NASCE LA RUBRICA ICF SERIE B, CON L’OBIETTIVO DI RACCONTARE L’AMBIENTE SERIE B FEMMINILE. COME FARLO? INTERVISTEREMO UNA GIOCATRICE PER OGNUNA DELLE 12 SQUADRE DEL CAMPIONATO. OGGI A RACCONTARSI E’ ELISA GALBIATI, DIFENSORE E CAPITANO DELLA RIOZZESE.

In esclusiva ICF, per la nuova rubrica ICFSerieB, abbiamo avuto il piacere di intervistare Elisa Galbiati. Nel suo Palmares una Coppa Italia Serie C con la Riozzese nella stagione 2018-2019. Dopo il ripescaggio in serie B, la Riozzese ora si trova a metà classifica. Una buona stagione sotto la guida del capitano autore di due centri in quest’annata. Con Elisa abbiamo parlato dei suoi inizi, di esperienze passate, della stagione in corso e dei suoi sogni tra presente e futuro. (parte seconda)

l’intervista

Cosa ti ha lasciato l’esperienza fatta negli Usa ai Golden Knights?

È stata un’esperienza stupenda che raccomando a tutte le ragazze che hanno voglia e/o possibilità. Ho imparato ad adattarmi a un nuovo modo di giocare e a migliorarmi a livello fisico per dare il massimo sul campo. Ho capito che se si vuole raggiungere un obiettivo si può fare: basta crederci e perseverare anche se il risultato non arriva subito.

Hai qualche sogno nel cassetto? Ti auguri un giorno di indossare la maglia della nazionale maggiore?

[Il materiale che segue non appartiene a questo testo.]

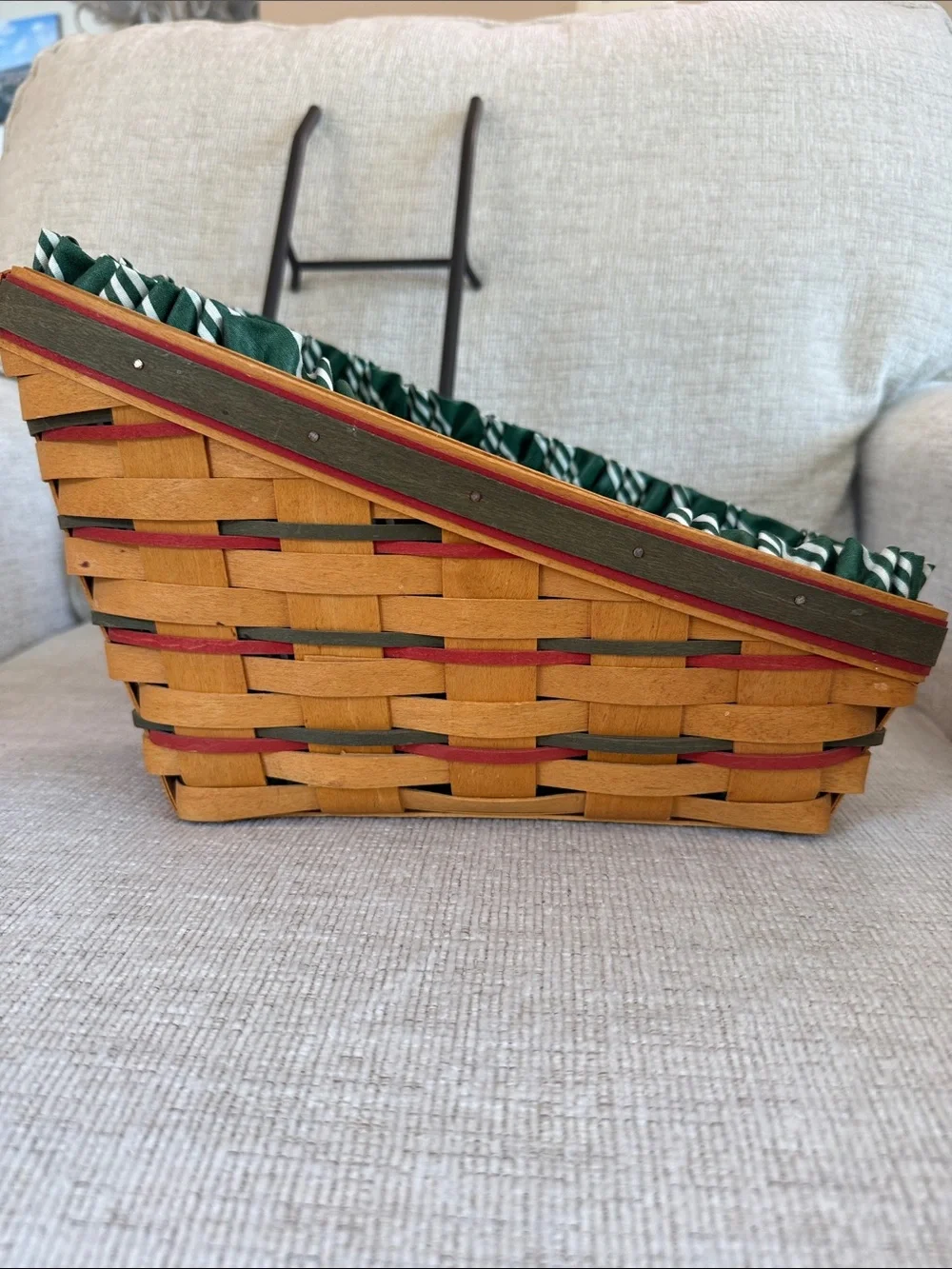 Longaberger Large Sleigh 1998 Basket with accessories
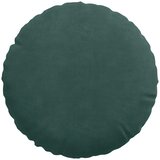  Jastučići za sjedenje 2 pcs Tamnozelena Ø30 x 13 cm Baršun | shoptok.hr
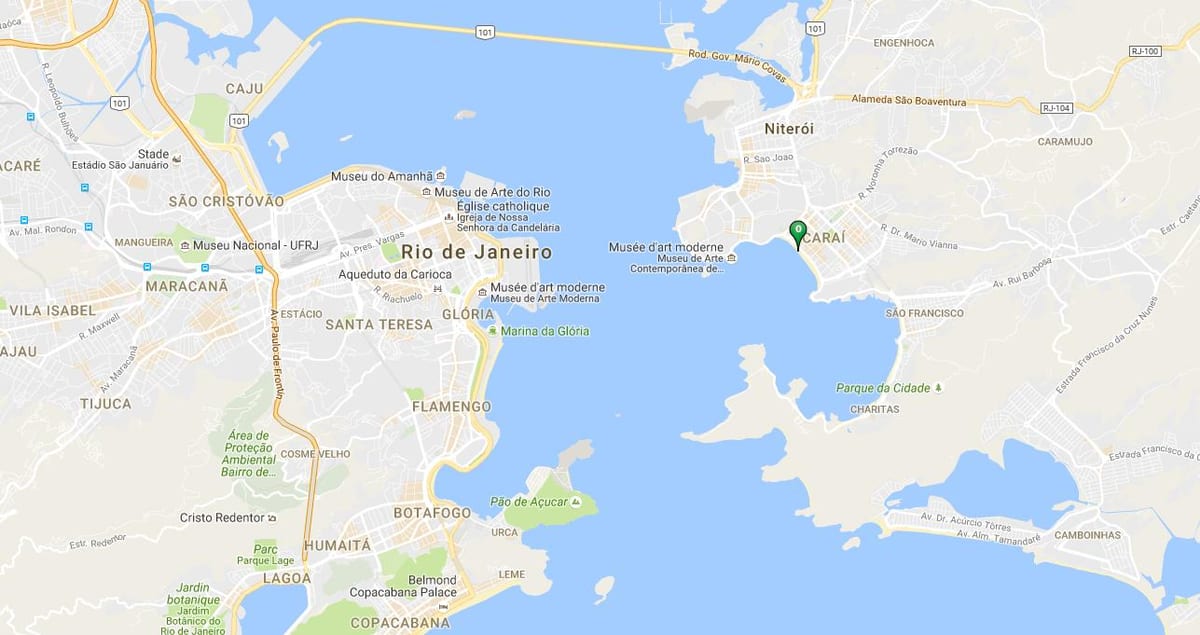 Mapa da praia de Icaraí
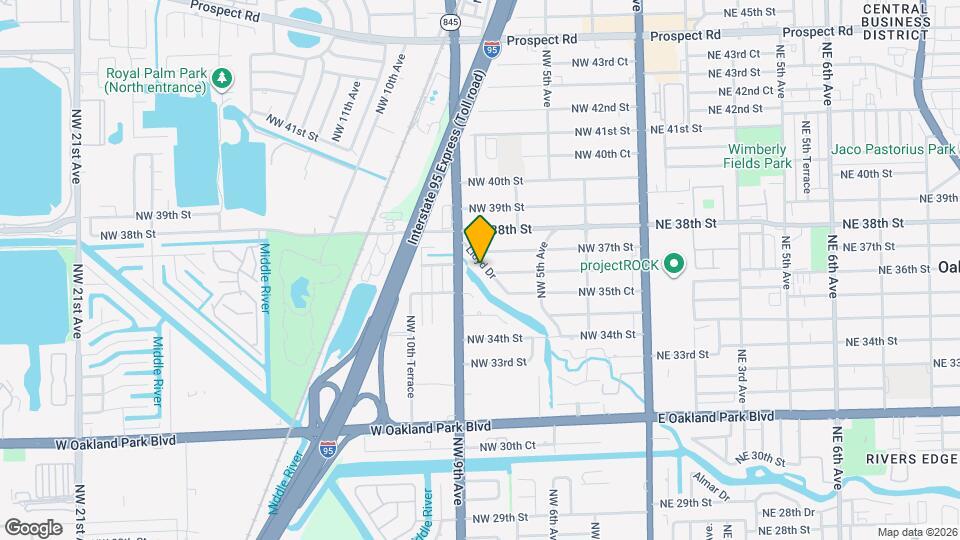 3610 Lloyd Dr Mapa y Detalles de la Ubicación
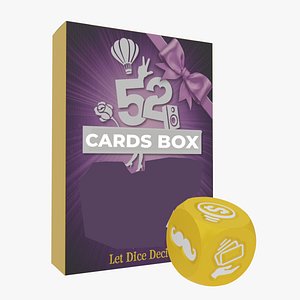 Playing Cards Tuckbox and Dice Set- 3D model Ready to Render inside Blender and Cycles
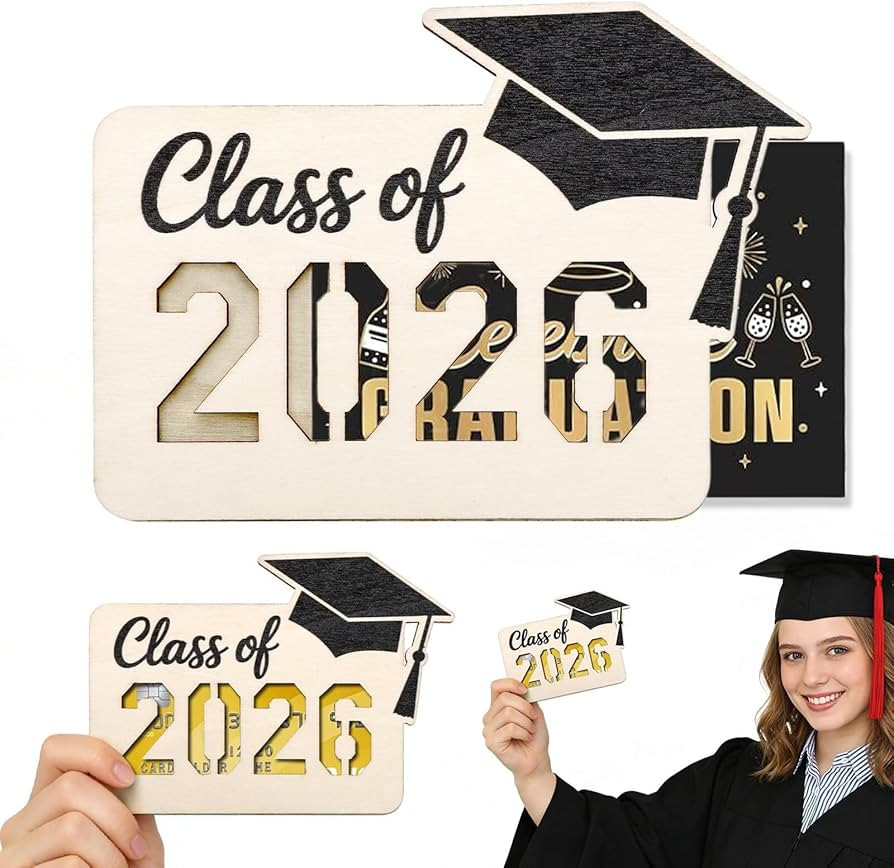 PETKNOWS 6 Pcs Graduation Gift Card Holders 2026 Wooden Graduation Money Holder Sturdy Graduation... | Amazon (US)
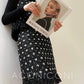 Aconiconi Marvel Star French vintage long short black tweed skirt top - Ceitr
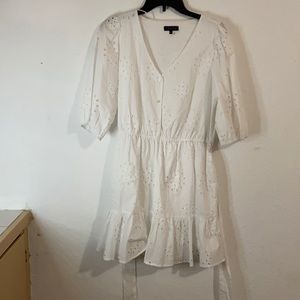 White summer dress. With removable string.
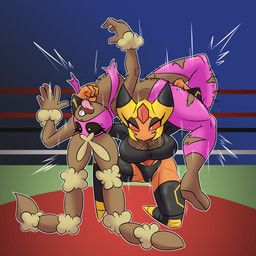 nintendo, pokemon, hallowthorn, anthro, arthropod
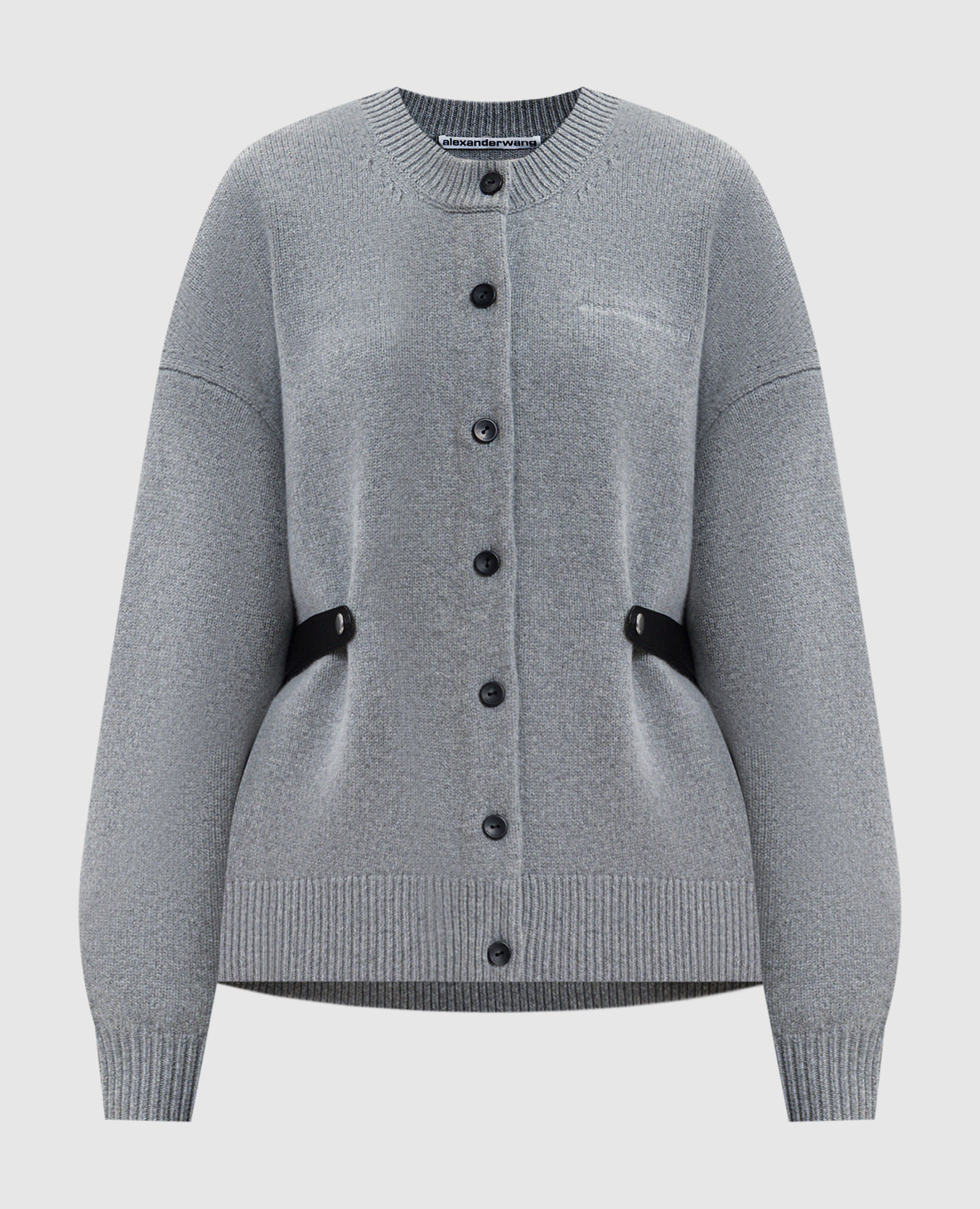 

Gray wool cardigan with belt Alexander Wang, Grey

Se una ragazza che gioca a calcio non avesse come sogno quello di indossare la maglia della nazionale maggiore, allora non sta puntando abbastanza in alto. Auguro a tutte, soprattutto alle ragazze più giovani, di crederci sempre.

Che sensazione provi ogni volta che indossi la fascia di capitano?

Per me è sempre un onore indossare la fascia: non c’è niente di scontato nel farlo. Il mio primo pensiero è supportare e aiutare, per quanto possibile, le mie compagne di squadra.

Da difensore cosa ti esalta e qual è l’avversario più forte che hai affrontato finora?

Mi esalta fare chiusure decisive davanti alla porta e staccare di testa per colpire la palla prima dell’avversaria. La giocatrice più forte che ho affrontato e che mi è rimasta impressa è stata Patrizia Panico che ho avuto modo di incontrare sul campo, quando ancora ero all’inizio della mia carriera in serie A.

Per chiudere: quanto ti manca ora il calcio e come stai trascorrendo la quarantena?

Il calcio mi manca molto. Mi manca potermi sfogare con un pallone tra i piedi e passare del tempo con le mie compagne; ma soprattutto mi manca l’adrenalina e la concentrazione che sale prima di una partita. Al momento sono in modalità Smart working e passo la maggior parte della mia giornata lavorando. Oltre a questo mi alleno in casa o in giardino, leggo, guardo Netflix e cucino. Non torneremo a svolgere subito le normali attività di sempre ma sono sicura che anche quelle poche che alla ripresa ci permetteranno di fare saranno bellissime.